Database Seminar

Monday, October 10, 2016 - 4:45pm to 6:00pm

Location:

8102 Gates & Hillman Centers

Speaker:

EMAAD MANZOOR, Senior Oracle Technical Consultant https://www.linkedin.com/in/emadmansour

Event Website:

http://db.cs.cmu.edu/events/db-seminar-fall-2016-emaad-manzoor/

For More Information, Contact:

hyunahs@cs.cmu.edu

Given a stream of heterogeneous graphs containing different types of nodes and edges, how can we spot anomalous ones in real-time while consuming bounded memory? This problem is motivated by and generalizes from its application in security to host-level advanced persistent threat (APT) detection.
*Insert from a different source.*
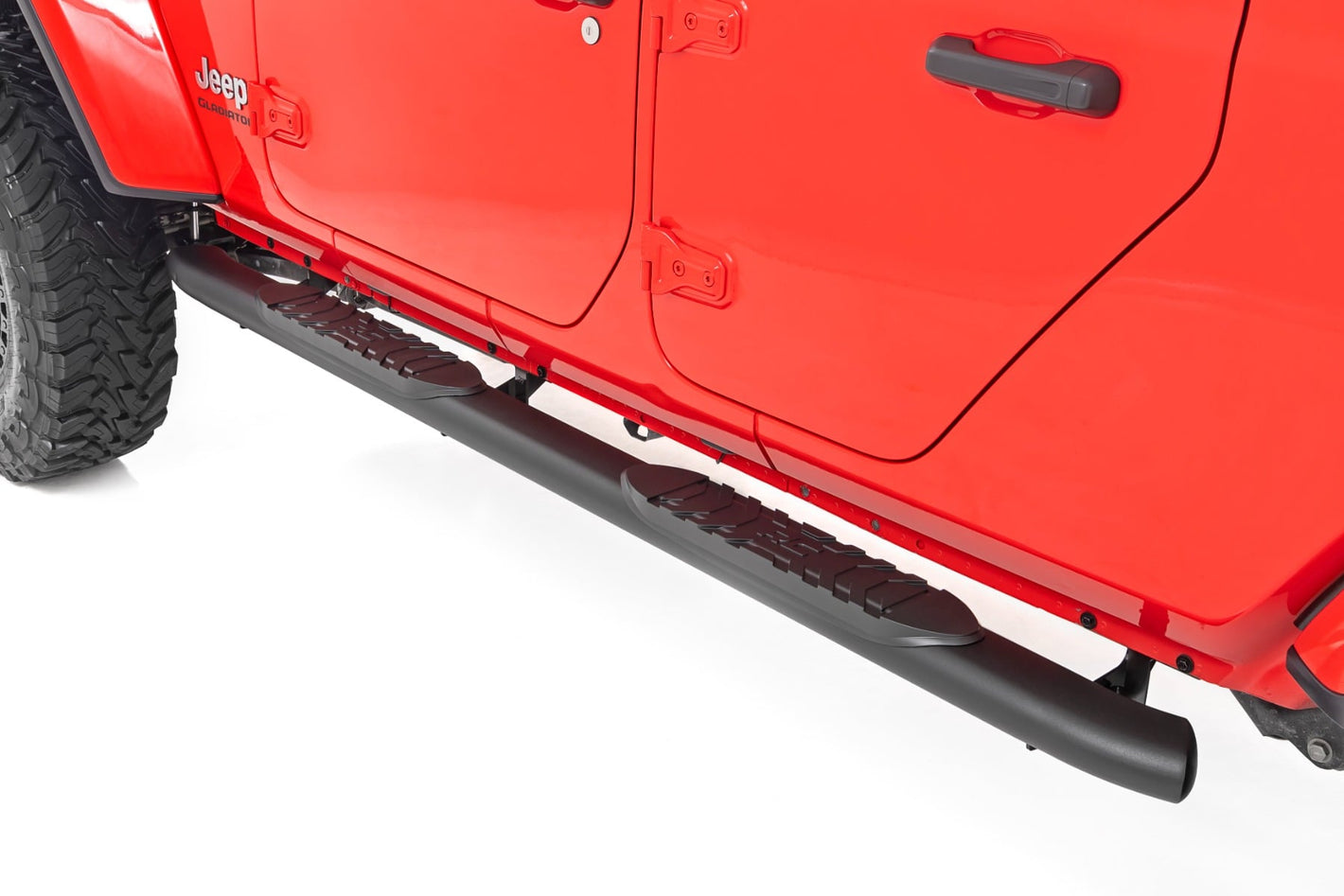 a red jeep with subtle steps installed by doors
We propose StreamSpot, a clustering based anomaly detection approach that addresses challenges in two key fronts: (1) heterogeneity, and (2) streaming nature. We introduce a new similarity function for heterogeneous graphs that compares two graphs based on their relative frequency of local substructures, represented as short strings. This function lends itself to a vector representation of a graph, which is (a) fast to compute, and (b) amenable to a sketched version with bounded size that preserves similarity.
StreamSpot exhibits desirable properties that a streaming application requires—it is (i) fully-streaming; processing the stream one edge at a time as it arrives, (ii) memory efficient; requiring constant space for the sketches and the clustering, (iii) fast; taking constant time to update the graph sketches and the cluster summaries that can process over 100K edges per second, and (iv) online; scoring and flagging anomalies in real time. Experiments on datasets containing simulated system-call flow graphs from normal browser activity and various attack scenarios (ground truth) show that StreamSpot is high-performance; achieving above 95% detection accuracy with small delay, as well as competitive time and memory usage.